_What this task involves_
Reproduce the listing below exactly, minus its pictures.

_Given information_
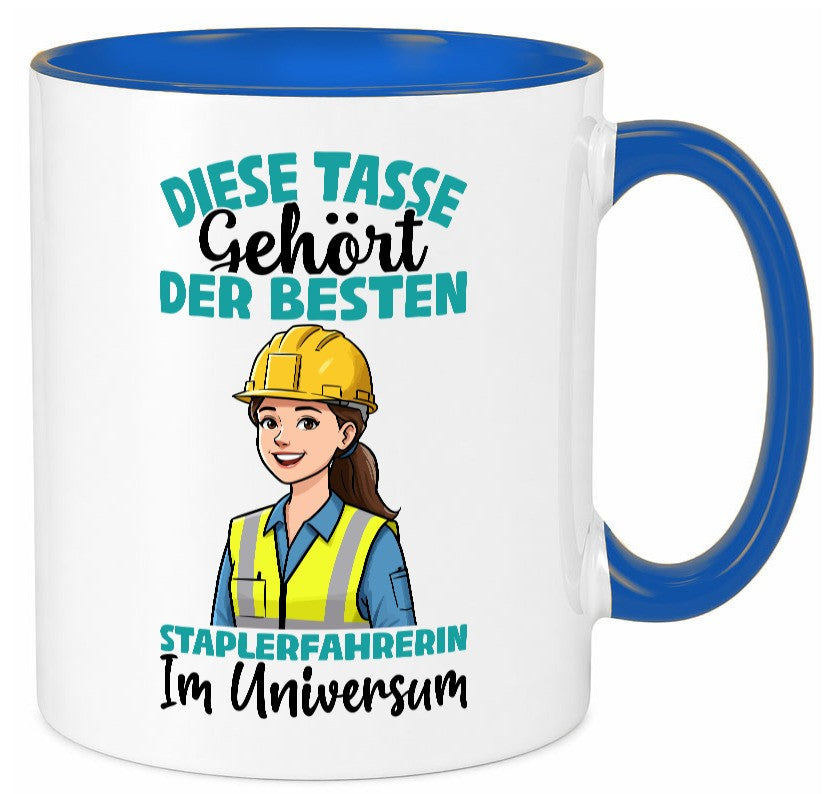 Im Universum: Staplerfahrerin | Gabelstapler Humor Geschenkidee Tasse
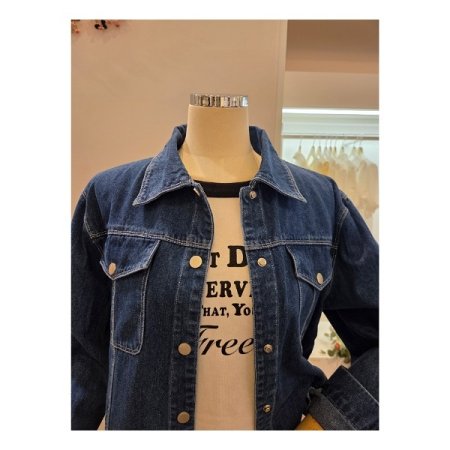 양 포켓 숏 데님 자켓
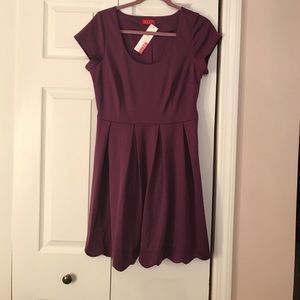 Elle Deep-purple a-line dress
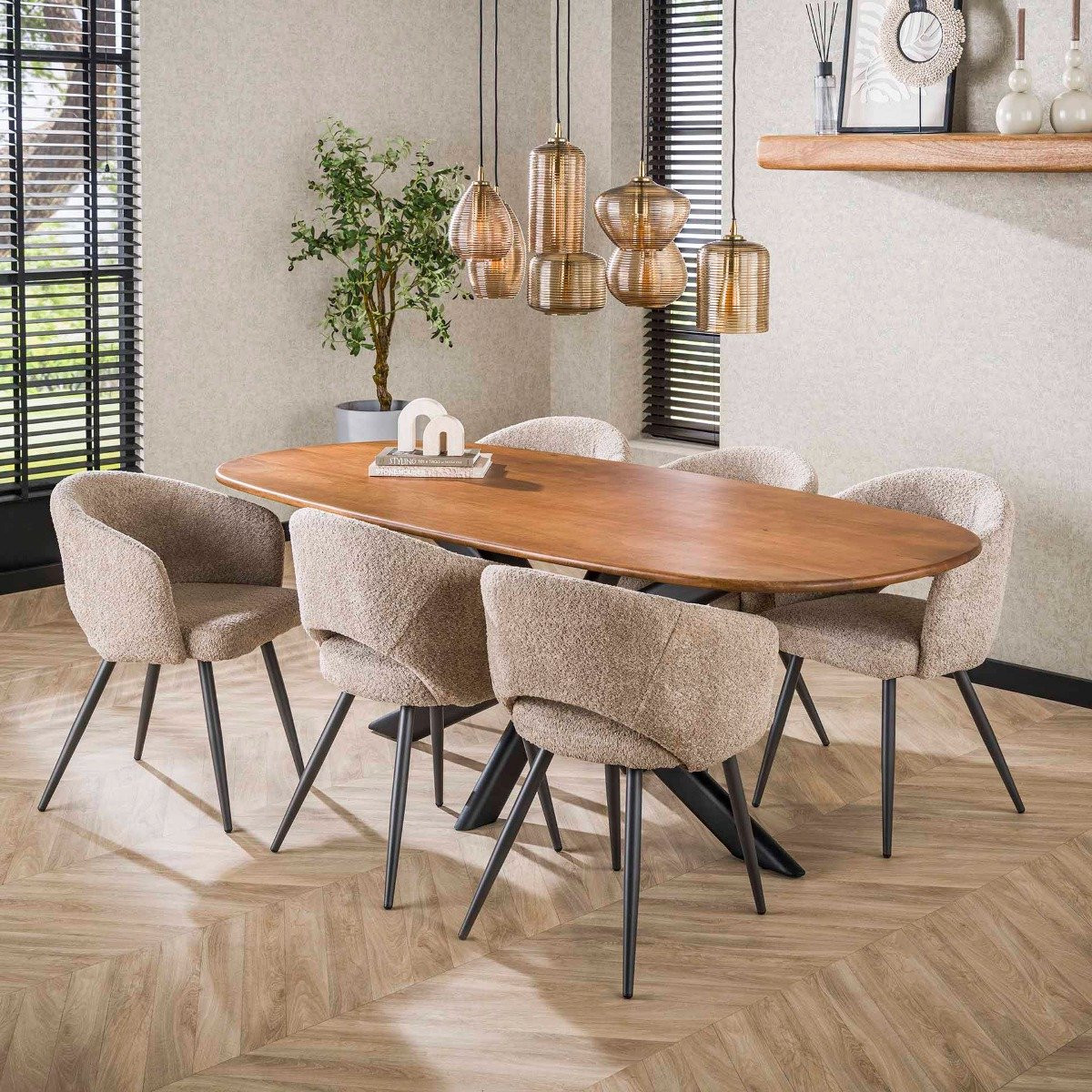 AnLi Style Eettafel Cliff 180 Ovale Eettafel voor Volwassenen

_Finished exercise_
 Im Universum: Staplerfahrerin | Gabelstapler Humor Geschenkidee Tasse
 양 포켓 숏 데님 자켓
 Elle Deep-purple a-line dress
 AnLi Style Eettafel Cliff 180 Ovale Eettafel voor Volwassenen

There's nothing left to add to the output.